Former NSP secretary-general Tan Lam Siong to run in Potong Pasir as independent candidate

Mr Tan had previously expressed interest in running in Whampoa, where he had been working the ground. PHOTO: TAN LAM SIONG

SINGAPORE - Former National Solidarity Party (NSP) secretary-general and lawyer Tan Lam Siong has declared that he will be running in Potong Pasir SMC as an independent candidate in the coming elections.

Speaking to reporters on Saturday (01/08) at the sidelines of a Singapore Democratic Alliance (SDA) walkabout in Sengkang that he was there to show support for, Mr Tan said he made the decision after regular visits to Potong Pasir in recent weeks to speak with residents.

"I've been going down to Potong Pasir and Toa Payoh frequently in the last few weeks, especially after Whampoa was absorbed, and residents tell me they want a choice," he said. "I will be running there, and I won't be donning any colours this time around."

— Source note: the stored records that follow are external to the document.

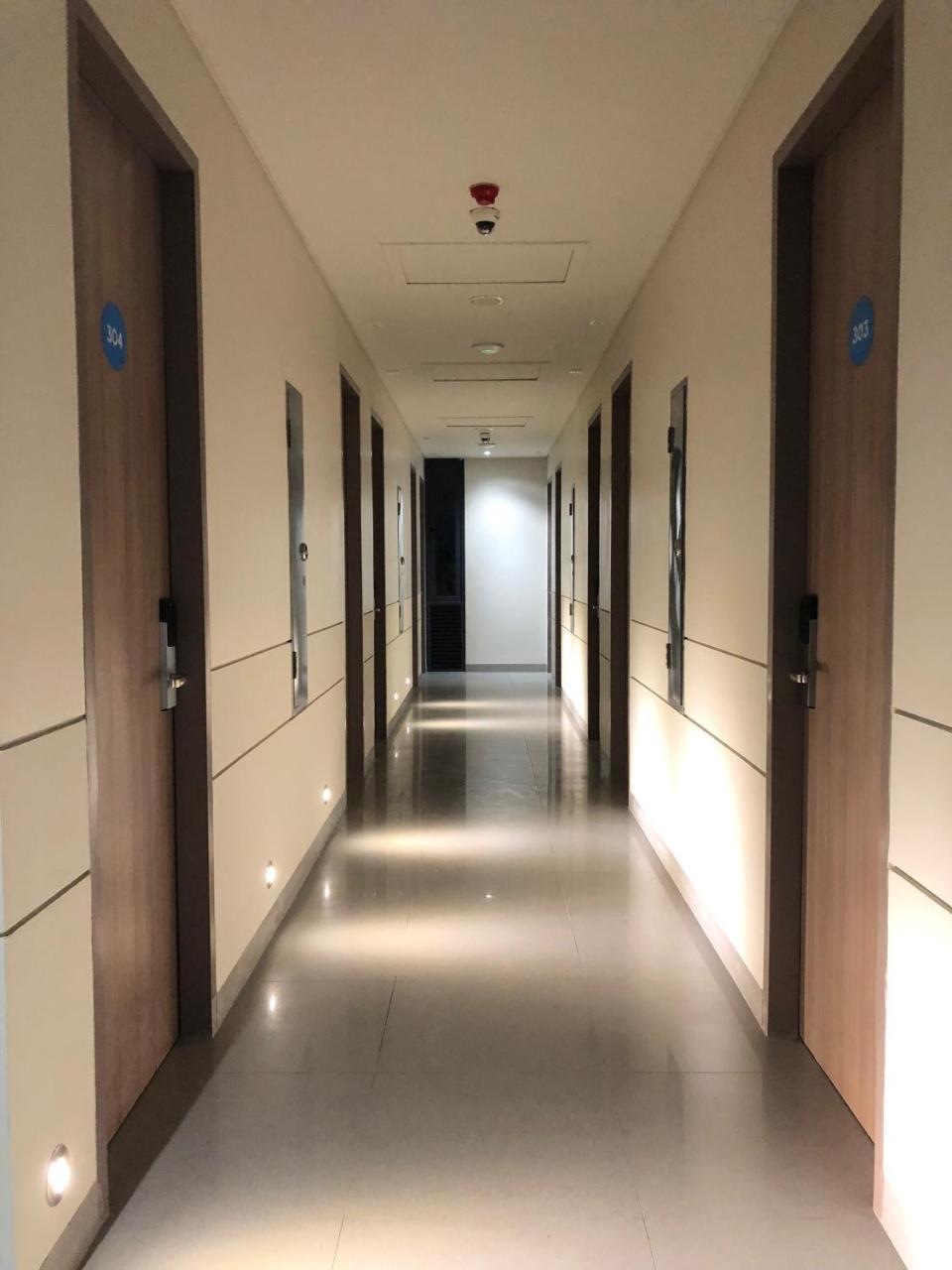 Citrip Hotel Simpang Lima Semarang Buitenkant foto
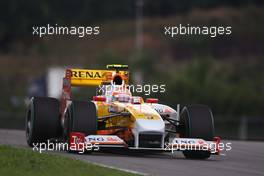 03.04.2009 Kuala Lumpur, Malaysia,  Nelson Piquet Jr (BRA), Renault F1 Team  - Formula 1 World Championship, Rd 2, Malaysian Grand Prix, Friday Practice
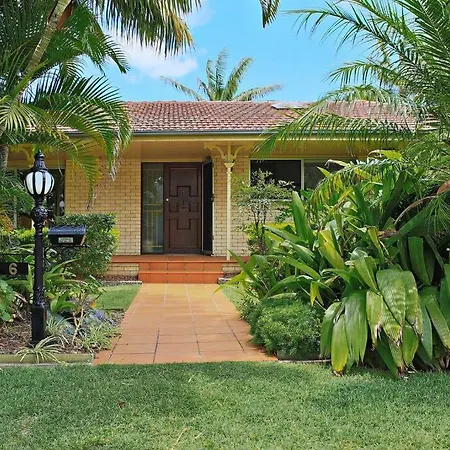 Villa Bali Style Designer's House In Location *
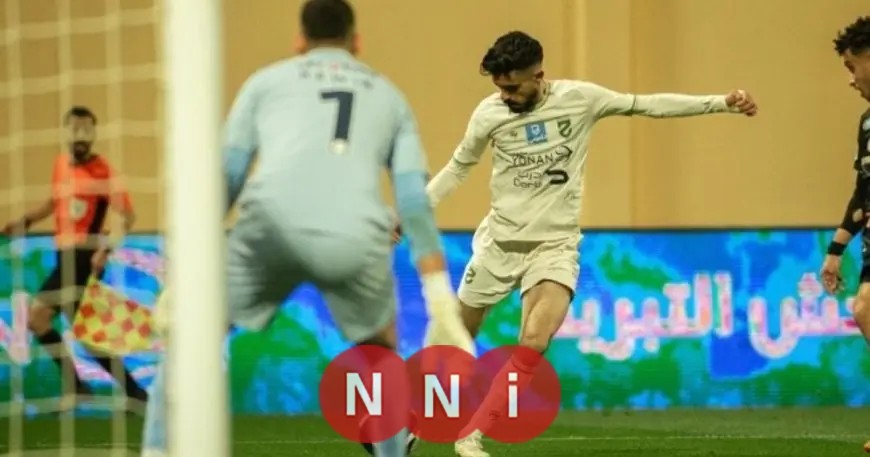 حارس يبدع بإنقاذ ركلتي جزاء لكنه يحرز هدفًا في مرماه وضمك يخسر أمام الحزم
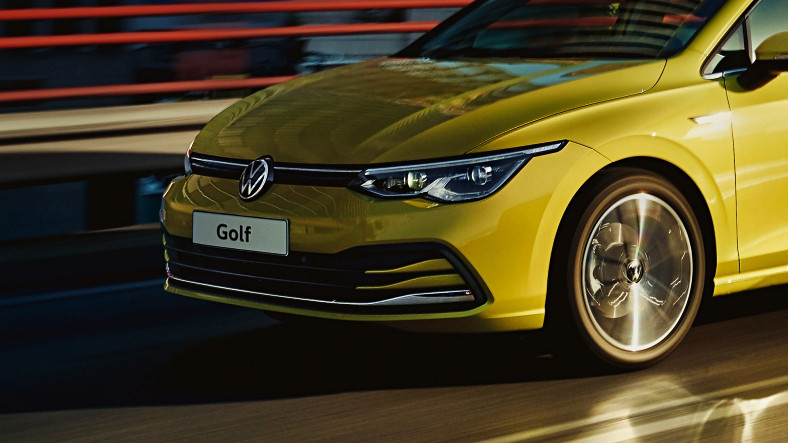 Volkswagen, ÖTV Düzenlemesinden Sonra Hem Zam Hem İndirim Yaptı: 'Halk Arabası' Golf, 1 Milyonu Geçti!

Mr Tan had previously expressed interest in running in Whampoa, where he had been working the ground and where he said he had become familiar with the residents there. But the SMC was merged with the reconstituted Jalan Besar GRC in the electoral boundaries report that was released last week.

Potong Pasir, which the People's Action Party's (PAP) Sitoh Yih Pin won over from the Singapore People's Party (SPP) in 2011 with a wafer-thin 114 votes, had already looked set to be a battleground, with the SPP and the Democratic Progressive Party (DPP) both having declared their interest to contest the ward.

But Mr Tan said he was unfazed by the thought of jumping into a four-cornered contest as he wanted to give voters there "real choice" and that he would "relish the fight".

"As an independent, I'm also not involved in the horsetrading talks between the different opposition parties," he said. "Let the people have all the choices, rather than preselect for them."

Opposition parties will hold their traditional pow wow session this Monday (03/08), where they are expected to divvy up the different constituencies with minimal overlap so that the opposition vote will not be split.